El Hogar de Cristo, que depende de la Diócesis de Posadas, enfrenta una demanda que supera ampliamente su capacidad actual y necesita ayuda de la comunidad para avanzar en la construcción de un segundo espacio de alojamiento.
El establecimiento funciona en un inmueble cedido en comodato por el Ministerio de Salud Pública, con capacidad para 16 personas. Sin embargo, hoy viven allí más de 30 jóvenes provenientes de distintos puntos de la provincia: Puerto Iguazú, Eldorado, Oberá, Garupá y Santa Ana, entre otros.
El espacio en construcción se denomina segundo «umbral». El esquema del Hogar prevé dos etapas: la primera, llamada Hospital de Campaña, es donde se recibe a quienes llegan desde la calle; la segunda, el umbral en obras, funcionaría como un pabellón colectivo para entre 20 y 25 personas en proceso de recuperación del consumo de drogas, una vez transcurridos los primeros dos meses.

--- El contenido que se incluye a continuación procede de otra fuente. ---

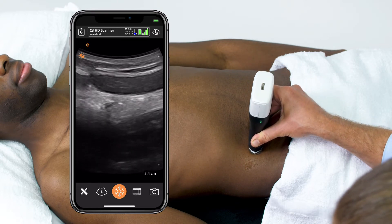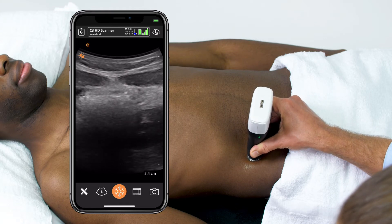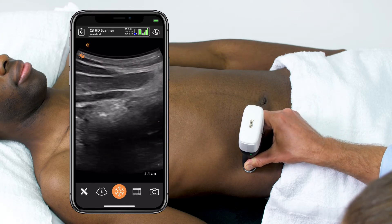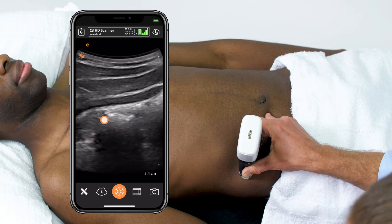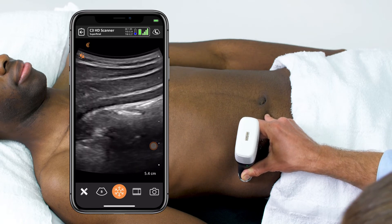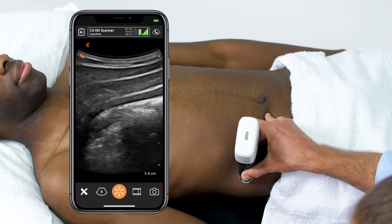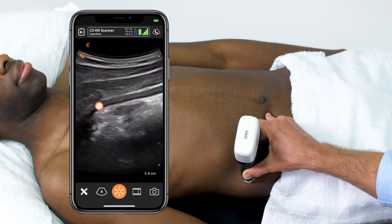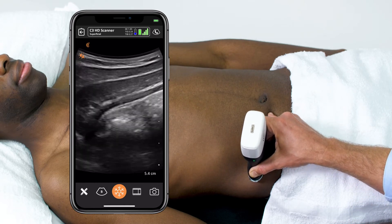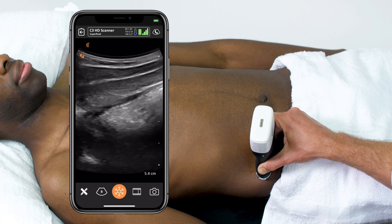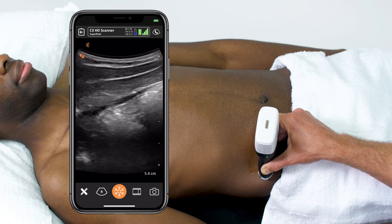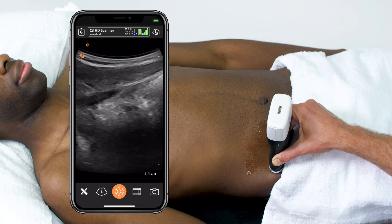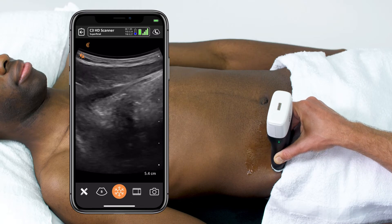I'm going to apply some gentle pressure, and I'm going to slide that transducer off to the patient's right until I find the so-called dirty shadowing of the colon. Above and superficial, I can see the abdominal wall musculature. I'm going to slide the transducer down towards the patient's feet until that dirty shadowing ends, signifying I've reached the level of the cecum.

El director del Hogar, el padre Daniel Pesce, detalló que la obra requiere «tablas de madera de pino para terminar el cerramiento de la parte trasera, tapajuntas y machimbre, porque la idea es poder revestir por dentro y hacer el cielorraso. También chapas, cemento, piedra, arena y unos 1.500 ladrillos comunes para el piso, a fin de tener una buena base para evitar la suba de la humedad. También para la galería de alrededor de dos metros, que se ubicará al frente de la casa, para proveer de sombra y para poder poner algunas mesas a fin que los chicos puedan tener alguna comodidad».
En cuanto a la instalación eléctrica, el sacerdote señaló que «aún no tenemos nada. Son necesarios cables Retenax y de dos milímetros, porque tenemos que extender el tendido eléctrico, además de lo que corresponde a la instalación eléctrica como ventiladores, luces».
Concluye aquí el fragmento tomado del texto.